With the pictures left out, write out exactly the lines of the listing below that run from the line with "German Cutting Board" through the line with "photo of Genuine".

SOURCE DATA >>
....................
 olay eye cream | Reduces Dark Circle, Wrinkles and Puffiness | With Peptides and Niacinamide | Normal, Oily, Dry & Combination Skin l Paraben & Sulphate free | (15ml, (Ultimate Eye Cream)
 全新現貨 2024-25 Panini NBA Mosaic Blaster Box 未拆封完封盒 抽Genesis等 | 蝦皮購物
....................
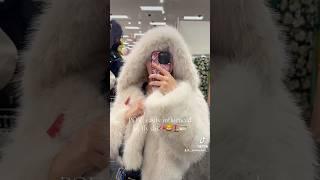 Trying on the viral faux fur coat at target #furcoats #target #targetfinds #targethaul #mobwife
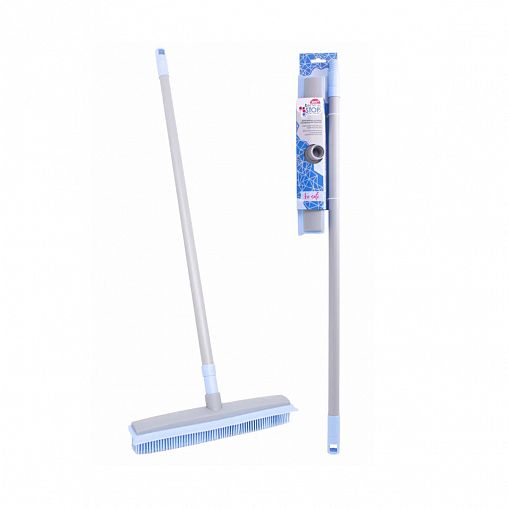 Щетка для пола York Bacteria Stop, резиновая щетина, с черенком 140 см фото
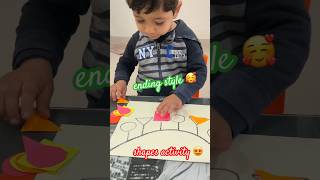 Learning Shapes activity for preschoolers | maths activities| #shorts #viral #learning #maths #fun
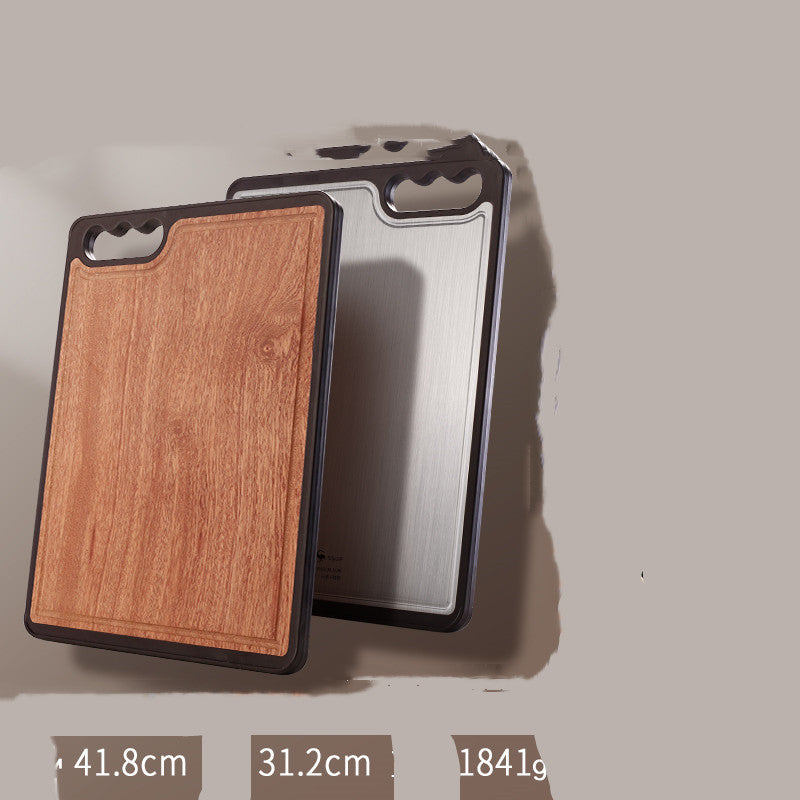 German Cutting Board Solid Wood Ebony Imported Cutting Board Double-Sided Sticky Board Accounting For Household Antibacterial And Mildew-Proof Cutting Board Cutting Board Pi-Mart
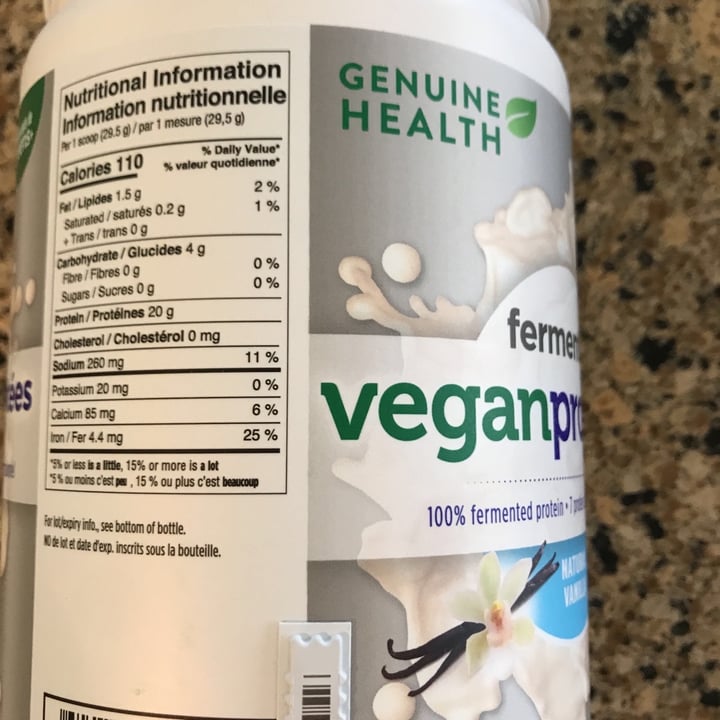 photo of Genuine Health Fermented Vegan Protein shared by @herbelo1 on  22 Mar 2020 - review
....................
RESPONSE TO THE EXERCISE >>
 German Cutting Board Solid Wood Ebony Imported Cutting Board Double-Sided Sticky Board Accounting For Household Antibacterial And Mildew-Proof Cutting Board Cutting Board Pi-Mart
 photo of Genuine Health Fermented Vegan Protein shared by @herbelo1 on  22 Mar 2020 - review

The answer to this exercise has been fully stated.